Aim of the task: Below are some records; output exactly the lines from the line with "Where is the" to the line with "e-learning icons-line series", both ends kept, and nothing more.

★ ★ ★ ★ ★

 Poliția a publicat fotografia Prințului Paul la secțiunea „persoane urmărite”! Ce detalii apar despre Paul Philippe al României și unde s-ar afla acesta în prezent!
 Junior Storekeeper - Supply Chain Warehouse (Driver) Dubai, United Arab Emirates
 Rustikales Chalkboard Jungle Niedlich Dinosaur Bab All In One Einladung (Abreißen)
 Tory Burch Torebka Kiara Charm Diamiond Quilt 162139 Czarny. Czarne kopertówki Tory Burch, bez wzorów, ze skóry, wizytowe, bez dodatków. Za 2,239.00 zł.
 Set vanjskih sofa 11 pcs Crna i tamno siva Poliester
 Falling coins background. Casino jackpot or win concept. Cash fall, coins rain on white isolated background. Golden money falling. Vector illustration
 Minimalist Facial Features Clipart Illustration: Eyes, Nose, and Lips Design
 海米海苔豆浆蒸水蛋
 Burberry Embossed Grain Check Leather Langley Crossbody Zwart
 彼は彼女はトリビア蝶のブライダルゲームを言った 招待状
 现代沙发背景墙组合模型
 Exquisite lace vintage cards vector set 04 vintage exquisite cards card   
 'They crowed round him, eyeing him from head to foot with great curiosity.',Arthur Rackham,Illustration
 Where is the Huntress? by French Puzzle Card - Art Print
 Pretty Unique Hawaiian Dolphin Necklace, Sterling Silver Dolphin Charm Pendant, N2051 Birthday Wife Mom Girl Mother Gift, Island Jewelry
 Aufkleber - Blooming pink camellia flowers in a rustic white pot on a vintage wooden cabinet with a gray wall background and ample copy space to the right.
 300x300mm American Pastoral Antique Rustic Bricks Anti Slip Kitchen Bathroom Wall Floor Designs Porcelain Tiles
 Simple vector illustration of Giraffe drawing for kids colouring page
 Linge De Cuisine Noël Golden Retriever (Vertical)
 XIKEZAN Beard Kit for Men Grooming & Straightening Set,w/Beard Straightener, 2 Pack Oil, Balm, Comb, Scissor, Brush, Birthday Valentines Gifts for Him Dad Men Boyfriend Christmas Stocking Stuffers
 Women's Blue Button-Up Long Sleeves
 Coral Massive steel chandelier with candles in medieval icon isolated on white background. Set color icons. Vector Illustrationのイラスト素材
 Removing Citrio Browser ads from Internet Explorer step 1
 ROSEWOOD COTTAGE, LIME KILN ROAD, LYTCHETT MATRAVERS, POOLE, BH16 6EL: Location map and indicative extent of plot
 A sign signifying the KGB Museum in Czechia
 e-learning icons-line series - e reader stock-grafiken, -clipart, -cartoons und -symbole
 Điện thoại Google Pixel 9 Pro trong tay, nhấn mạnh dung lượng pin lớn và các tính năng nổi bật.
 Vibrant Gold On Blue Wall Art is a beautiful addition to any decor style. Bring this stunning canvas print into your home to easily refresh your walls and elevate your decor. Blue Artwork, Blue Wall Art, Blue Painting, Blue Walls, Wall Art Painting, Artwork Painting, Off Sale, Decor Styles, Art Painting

★ ★ ★ ★ ★

Response to the exercise:
 Where is the Huntress? by French Puzzle Card - Art Print
 Pretty Unique Hawaiian Dolphin Necklace, Sterling Silver Dolphin Charm Pendant, N2051 Birthday Wife Mom Girl Mother Gift, Island Jewelry
 Aufkleber - Blooming pink camellia flowers in a rustic white pot on a vintage wooden cabinet with a gray wall background and ample copy space to the right.
 300x300mm American Pastoral Antique Rustic Bricks Anti Slip Kitchen Bathroom Wall Floor Designs Porcelain Tiles
 Simple vector illustration of Giraffe drawing for kids colouring page
 Linge De Cuisine Noël Golden Retriever (Vertical)
 XIKEZAN Beard Kit for Men Grooming & Straightening Set,w/Beard Straightener, 2 Pack Oil, Balm, Comb, Scissor, Brush, Birthday Valentines Gifts for Him Dad Men Boyfriend Christmas Stocking Stuffers
 Women's Blue Button-Up Long Sleeves
 Coral Massive steel chandelier with candles in medieval icon isolated on white background. Set color icons. Vector Illustrationのイラスト素材
 Removing Citrio Browser ads from Internet Explorer step 1
 ROSEWOOD COTTAGE, LIME KILN ROAD, LYTCHETT MATRAVERS, POOLE, BH16 6EL: Location map and indicative extent of plot
 A sign signifying the KGB Museum in Czechia
 e-learning icons-line series - e reader stock-grafiken, -clipart, -cartoons und -symbole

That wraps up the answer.